What You Need To Know

  • A balloon mortgage lets you make low monthly payments over the life of the loan. At the end of loan’s term, you make one large payment for the outstanding loan balance
  • Balloon mortgages come with three payment options: regular mortgage monthly payments that cover interest and principal, interest-only payments or no payments at all
  • A balloon mortgage is best for borrowers who are interested in low living costs or don’t plan on living in the home very long

Contents

Figuring out how to live your best life while comfortably making your mortgage payments every month should incentivize you to get familiar with different mortgage financing options. 

One of those financing options is the balloon mortgage. 

Balloon mortgages can require small monthly payments. At the end of the loan, you make one large balloon payment to pay off the remaining balance. 

Thanks to their low initial cost, balloon mortgages are pretty popular with property developers and house flippers. But, for the average homeowner, it can be a risky option.
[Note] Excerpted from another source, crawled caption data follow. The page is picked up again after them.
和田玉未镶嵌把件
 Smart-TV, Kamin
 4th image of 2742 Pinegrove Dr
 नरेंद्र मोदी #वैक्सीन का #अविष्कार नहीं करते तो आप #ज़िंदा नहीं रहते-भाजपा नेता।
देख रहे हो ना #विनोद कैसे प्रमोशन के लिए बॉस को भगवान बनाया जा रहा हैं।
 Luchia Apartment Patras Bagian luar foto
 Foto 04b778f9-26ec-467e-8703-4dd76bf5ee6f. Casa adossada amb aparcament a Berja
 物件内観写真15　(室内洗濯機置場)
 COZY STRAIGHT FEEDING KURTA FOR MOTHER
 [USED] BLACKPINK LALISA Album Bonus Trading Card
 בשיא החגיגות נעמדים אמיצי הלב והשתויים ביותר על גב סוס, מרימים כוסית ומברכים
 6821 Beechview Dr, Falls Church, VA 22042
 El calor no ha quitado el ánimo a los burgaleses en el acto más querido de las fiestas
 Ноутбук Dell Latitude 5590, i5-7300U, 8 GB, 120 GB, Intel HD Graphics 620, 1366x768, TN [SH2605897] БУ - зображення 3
Let’s explore whether balloon mortgages are full of hot air or just the option you’ll need to sail toward your best financial life. 

What Is a Balloon Mortgage?

A balloon mortgage is a shorter-term mortgage with low (or no) monthly payments followed by a larger payment at the end of the loan’s term, which is typically less than 7 years.

While there are many situations when a buyer may consider using a balloon mortgage, the mortgages are ideal for buyers who don’t plan on living in (or owning) a home for long.

Balloon mortgages – which are usually offered for short terms, typically between 5 – 7 years or even 2 years – usually require low payments over the loan’s term. At the end of the loan, the homeowner pays back the loan’s remaining balance.  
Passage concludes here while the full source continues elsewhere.